Accused UVA gunman Christopher Darnell Jones Jr. was on police’s radar since September​



By
Ben Kesslen


November 14, 2022 12:33pm
Updated

The University of Virginia student who allegedly killed three members of the football team had been on the police’s radar since September and had a prior criminal incident involving a concealed weapon, officials revealed at a press conference Monday.


Christopher Darnell Jones Jr. was arrested after a 12-hour manhunt following the shootings at the school’s Charlottesville campus on Sunday night.


“Because I want to be transparent with you, I want you to know [that] … Mr. Jones came to the attention of the University of Virginia’s threat assessment team in the fall of 2022,” said the school’s chief of police, Tim Longo.


“They received information that Mr. Jones had made a comment about possessing a gun to a person that was unaffiliated with the university,” he said.


Longo said police believe the person who reported him never saw a gun, and had noted that the comment wasn’t made as a threat. The school also followed up with Jones’ roommates, who told them they had not seen him with a weapon.


Photo of Christopher Darnell Jones Jr.

Christopher Darnell Jones Jr.AP

Jones had been on the threat assessment team’s radar earlier because of a hazing investigation that was eventually closed after witnesses would not cooperate. Police did not provide more details about the incident.


Notably, Longo said that while investigating the hazing incident, the school “learned about prior criminal incident involving a concealed weapon violation that occurred outside the city of Charlottesville in February of 2021.

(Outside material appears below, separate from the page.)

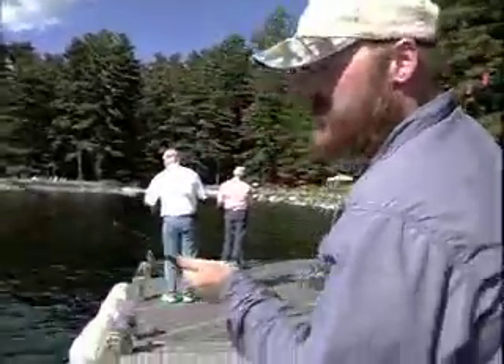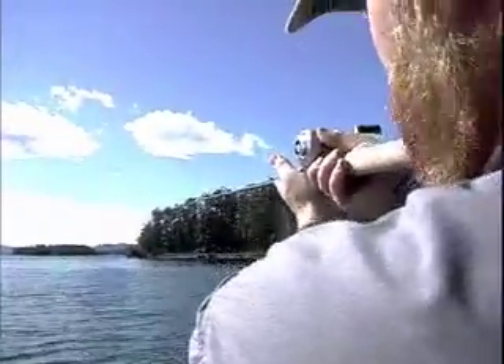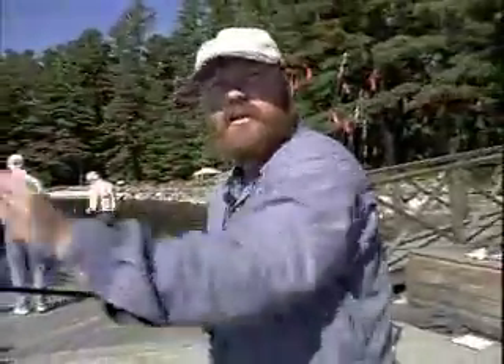You'll also notice on bait casting rods, the guides are pretty much virtually the same size all the way down. The fundamental reason is that on bait casters, your line is coming out pretty much on the same plane.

“He’s required as a student at University of Virginia to report that and he never did, so the University has taken appropriate administrative charges through the University’s judiciary council and that matter is still pending adjudication,” the chief said without providing details.


“I’ll try to do better next time,” a mournful Longo said at the presser.

Jones has been slapped with three charges of second-degree murder for killing Devin Chandler of Virginia Beach, Lavel “Tyler” Davis of Dorchester, South Carolina, and D’Sean Perry of Miami, Florida. Two of the students were found dead on the bus and one was declared deceased at a hospital. The names of the two other students injured in the shooting have not been released.


The school’s shelter-in-place mandate was lifted Monday morning and Jones was taken into custody.